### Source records

▶

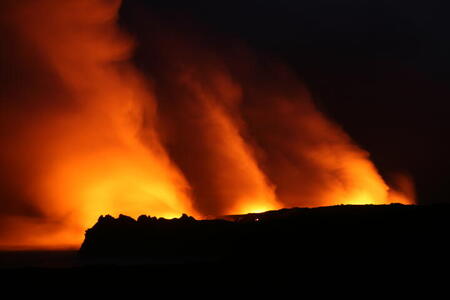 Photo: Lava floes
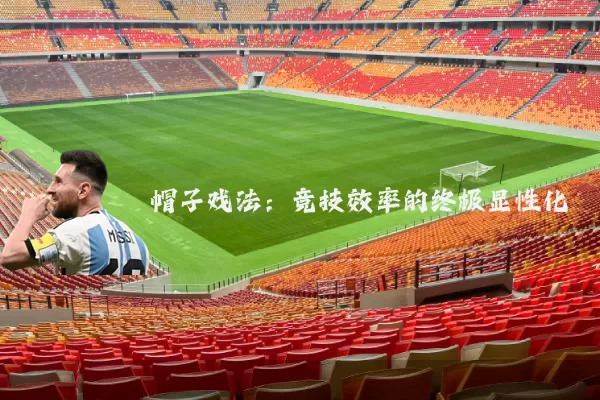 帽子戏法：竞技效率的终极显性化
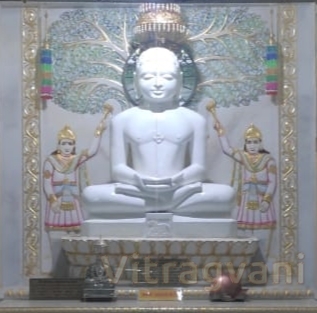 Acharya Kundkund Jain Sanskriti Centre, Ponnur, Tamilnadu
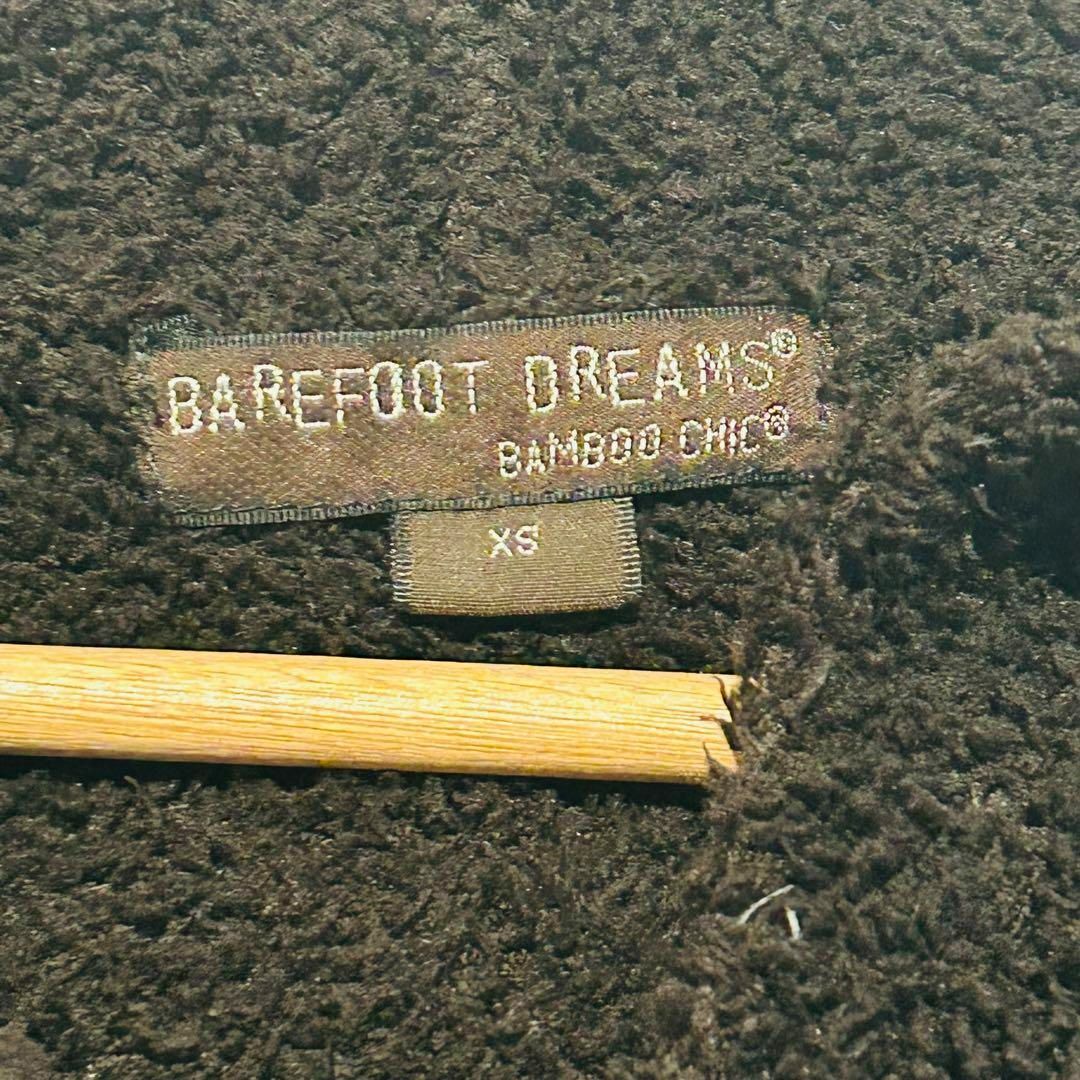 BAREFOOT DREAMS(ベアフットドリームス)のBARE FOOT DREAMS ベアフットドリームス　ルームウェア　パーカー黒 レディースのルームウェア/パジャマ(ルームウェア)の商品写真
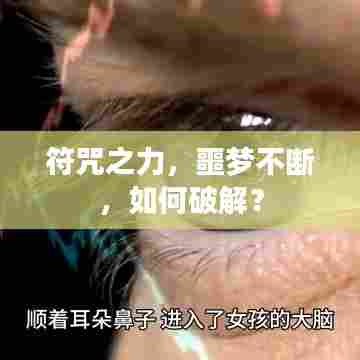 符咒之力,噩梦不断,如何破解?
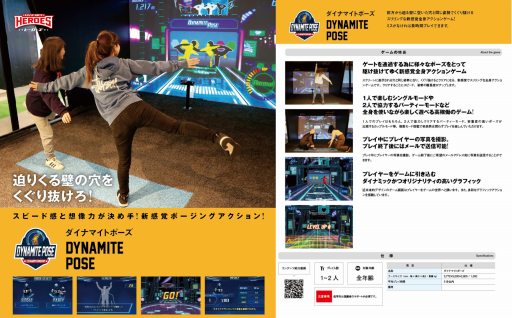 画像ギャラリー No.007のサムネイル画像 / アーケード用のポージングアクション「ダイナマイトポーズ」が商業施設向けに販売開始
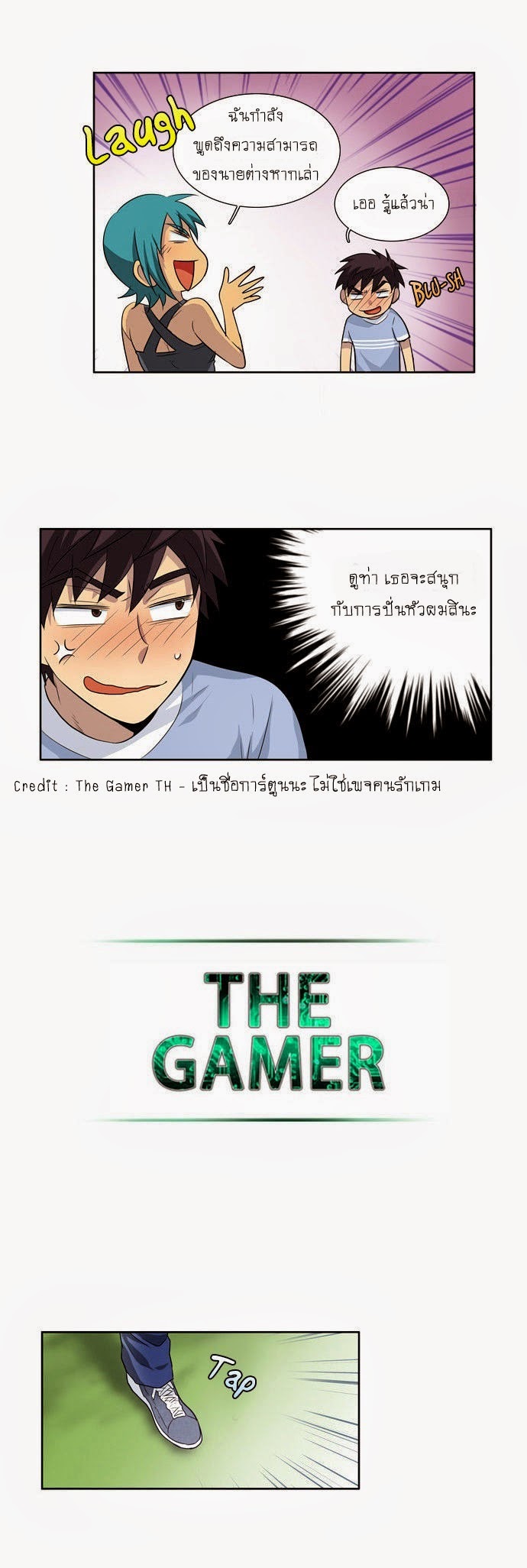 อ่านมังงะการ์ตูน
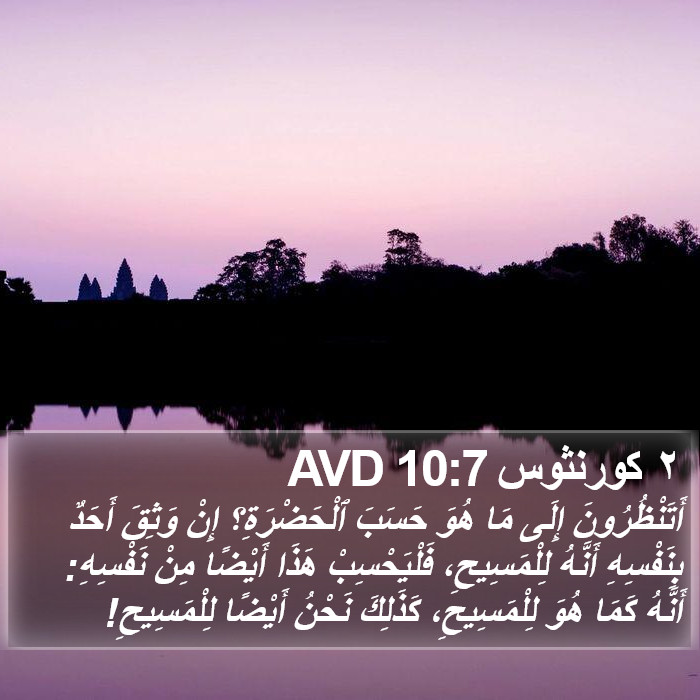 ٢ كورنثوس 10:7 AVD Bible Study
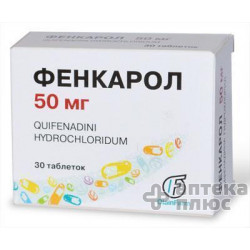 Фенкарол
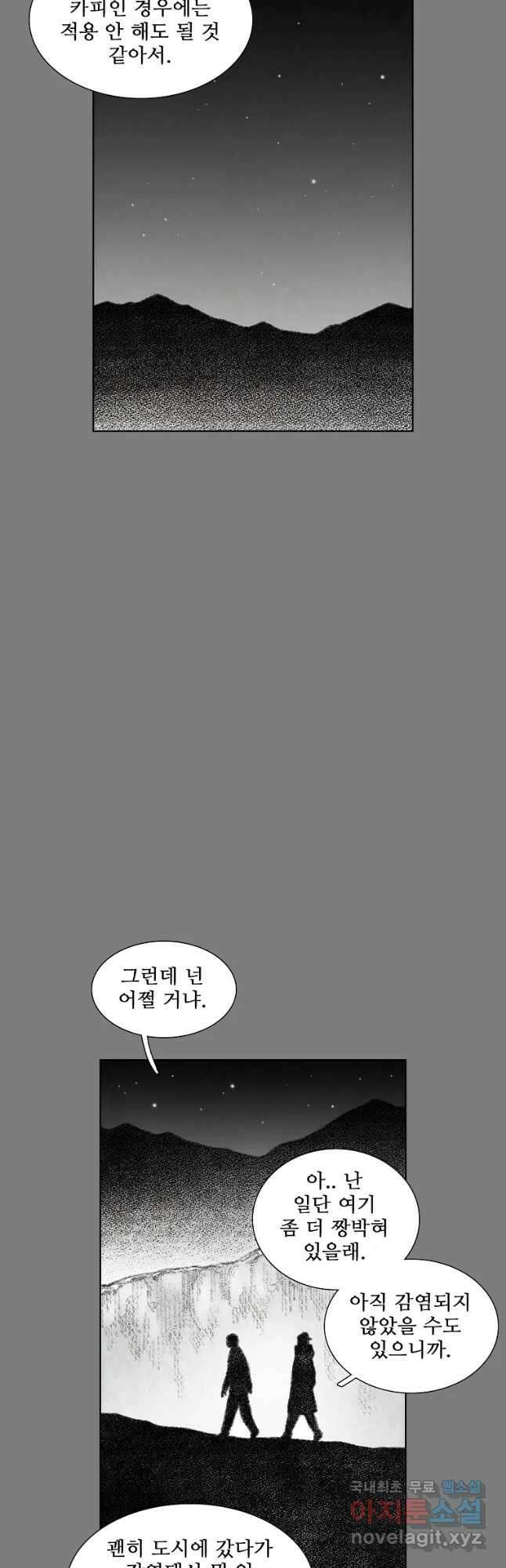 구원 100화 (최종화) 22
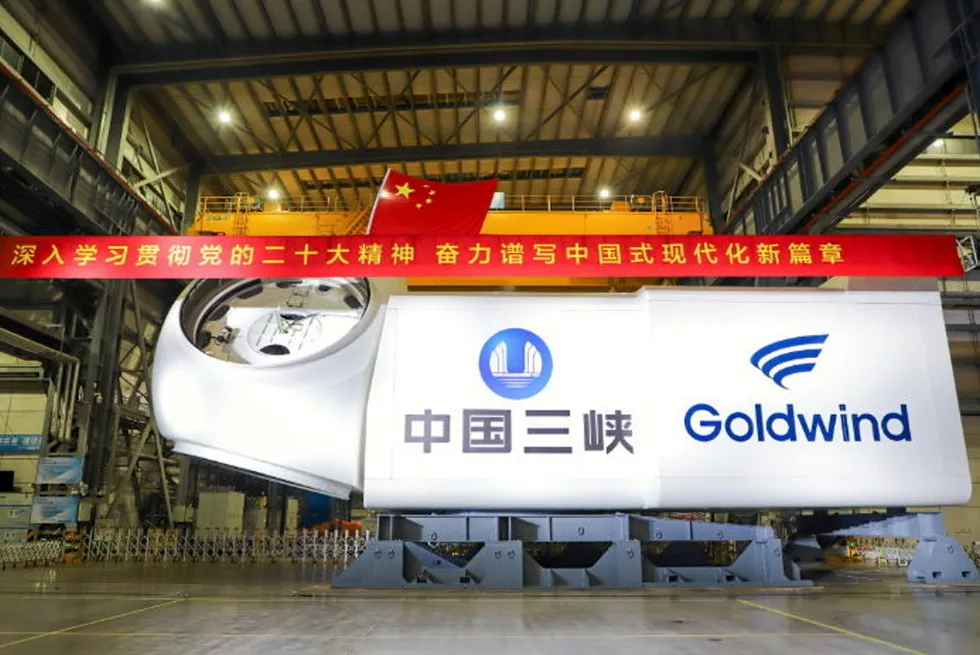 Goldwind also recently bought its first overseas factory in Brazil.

◀

### WORK ITEM
Would you copy each line above exactly as given, dropping any images?

### ANSWER BOX
 Photo: Lava floes
 帽子戏法：竞技效率的终极显性化
 Acharya Kundkund Jain Sanskriti Centre, Ponnur, Tamilnadu
 BAREFOOT DREAMS(ベアフットドリームス)のBARE FOOT DREAMS ベアフットドリームス　ルームウェア　パーカー黒 レディースのルームウェア/パジャマ(ルームウェア)の商品写真
 符咒之力,噩梦不断,如何破解?
 画像ギャラリー No.007のサムネイル画像 / アーケード用のポージングアクション「ダイナマイトポーズ」が商業施設向けに販売開始
 อ่านมังงะการ์ตูน
 ٢ كورنثوس 10:7 AVD Bible Study
 Фенкарол
 구원 100화 (최종화) 22
 Goldwind also recently bought its first overseas factory in Brazil.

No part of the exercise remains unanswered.